The Supreme Court should have denied those branches of the plaintiff's motion which were for summary judgment on the complaint insofar as asserted against the defendant and related relief, as the plaintiff failed to establish, prima facie, that it had standing to commence this action. Although the plaintiff attached to the complaint copies of the note and an undated purported allonge endorsed in blank, the plaintiff did not demonstrate that the purported allonge, which was on a piece of paper completely separate from the note, was "so firmly affixed thereto as to become a part thereof," as required by UCC 3–202(2) (see Wells Fargo Bank, N.A. v. Maleno–Fowler, 194 A.D.3d 1094, 1095, 144 N.Y.S.3d 618 ; LNV Corp. v. Almberg, 194 A.D.3d 703, 704, 143 N.Y.S.3d 587 ; Citimortgage, Inc. v. Ustick, 188 A.D.3d 793, 795, 136 N.Y.S.3d 85 ; U.S. Bank N.A. v.
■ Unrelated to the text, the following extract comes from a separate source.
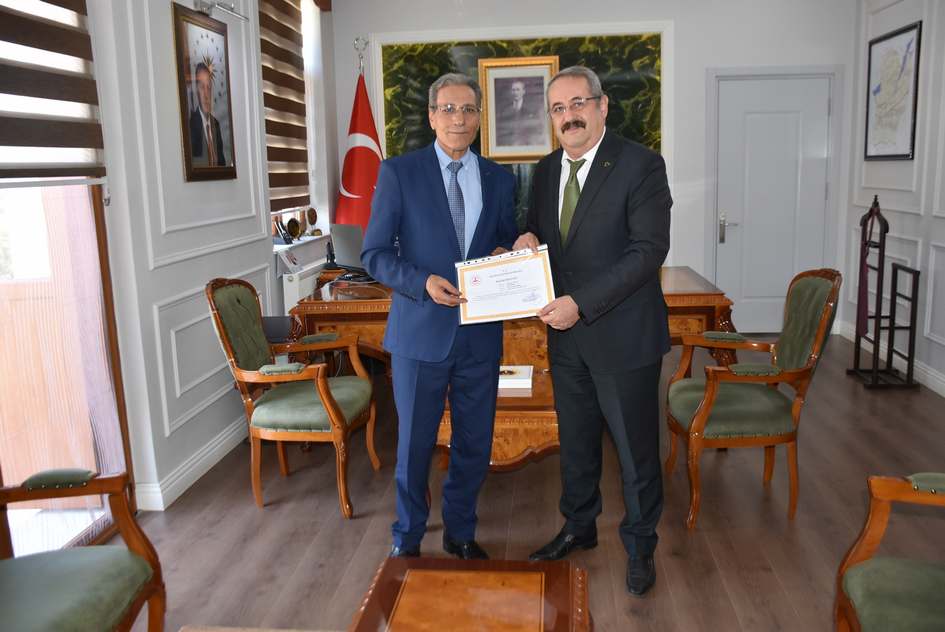 Milli Emlak Müdürü AKSUN’dan Kaymakamımız SAĞLAM’a Veda Ziyareti.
Moulton, 179 A.D.3d 734, 738, 116 N.Y.S.3d 86 ).
In addition, the plaintiff failed to demonstrate, prima facie, that a notice of default in accordance with sections 15 and 22 of the mortgage was properly transmitted to the defendant prior to the commencement of this action (see U.S. Bank N.A. v. Callender, 176 A.D.3d 1249, 1251, 111 N.Y.S.3d 65 ; Wells Fargo Bank, N.A. v. Eisler, 118 A.D.3d 982, 983, 988 N.Y.S.2d 682 ).
Moreover, the plaintiff failed to establish, prima facie, its strict compliance with RPAPL 1304. The plaintiff failed to provide proof of the actual mailing of the 90–day notice required by RPAPL 1304, or proof of a standard office mailing procedure designed to ensure that items are properly addressed and mailed (see U.S. Bank N.A. v. Herzberg, 180 A.D.3d 952, 953–954, 115 N.Y.S.3d 913 ). Further, although Victoria Wolff, an assistant secretary for the plaintiff, stated in an affidavit that the notices required under RPAPL 1304 were mailed, she did not aver that she had mailed the notices herself or otherwise claim to have personal knowledge of the mailing (see Central Mtge. Co. v. Canas, 173 A.D.3d 967, 969, 104 N.Y.S.3d 152 ). Accordingly, the Supreme Court should have denied those branches of the plaintiff's motion which were for summary judgment on the complaint insofar as asserted against the defendant, to strike his answer, and for an order of reference.
DILLON, J.P., CONNOLLY, BRATHWAITE NELSON and WOOTEN, JJ., concur.